I would not spend the entire amount of money on just the telescope.  I think that the mount is 60% of the package.  The best optics are useless if you can't get the scope on target!  You also have eyepieces to content with.

 

Now I am going to give you advice that beginners just don't get.  Go for a two scope "package" rather than one scope to do it all.

 

Scope #1:  A 102 MM F7 APO Refractor on a Quality ALT/ATZ Mount.  Here is a nice one:  https://www.astronom...-7-doublet.html

(The same as my 102 mm Stellarvue Access).   

 

Read this thread and look for a mount:  https://www.cloudyni...-alt-az-mounts/

 

You will also need a finder for said scope:  https://www.astronom...age-finder.html

 

And a diagonal....https://agenaastro.c...2EaAviAEALw_wcB

 

(You may spend as much on the mount as you will the scope)  So  $2,500 for the refractor "package".

 

Now take the rest of your budget and buy some sort of reflector telescope - say a 10" dob.  Here is a popular model:  https://www.highpoin...OwaAuMMEALw_wcB $800 approx. cost.

 

Total to date: $3,300.   

 

Now buy a widefield eyepiece that can be used for both:  This one is highly rated (warning never have used it before) but people "rave about it" ...https://www.eyepiece..._p/17102030.htm

 

This adds another $249 to the cost.  

 

Now your at $3,600.  

 

Most important....Add this book  "Turn left at Orion"
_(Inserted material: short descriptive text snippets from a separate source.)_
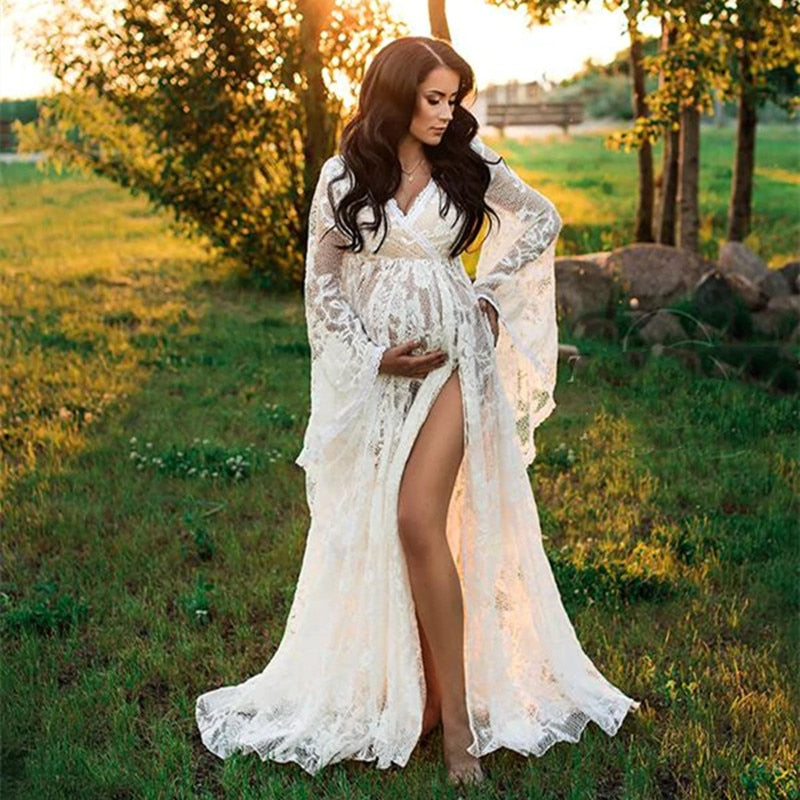 Boho Lace Maternity Flare Dress – Fanxity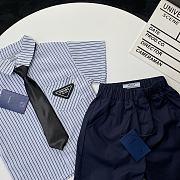 Okify Prada Set Of Blue Shirt And Shorts For Kids  - 2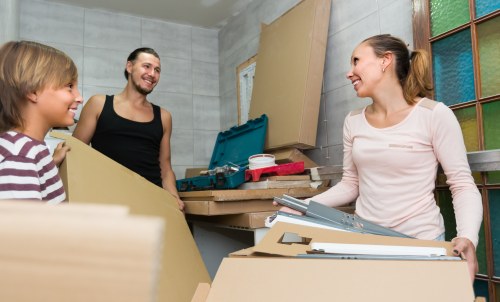 Boxes and furniture prepared for storage collection
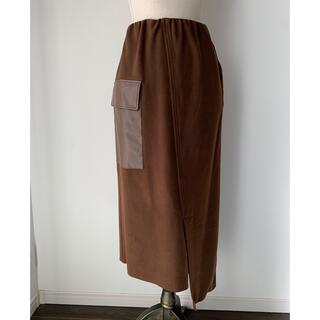 ブラウン　エコレザーポケット　アシメトリースカート(ひざ丈スカート)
https://www.amazon.c..._mcd_asin_2_img

 

Now the cost is $3632...

 

Spend the rest of your 4K on Eyepieces such as the astrotech paradigm.  Do not buy the entire "Set"

Go onto the eyepiece forum and ask advice....

 

IMPORTANT CONCEPT:  To save money (very good plan in this economy) buy one scope or the other and wait until you get more experience.  Both scopes compliment each other and make an excellent "grab and go" if you purchase a larger scope.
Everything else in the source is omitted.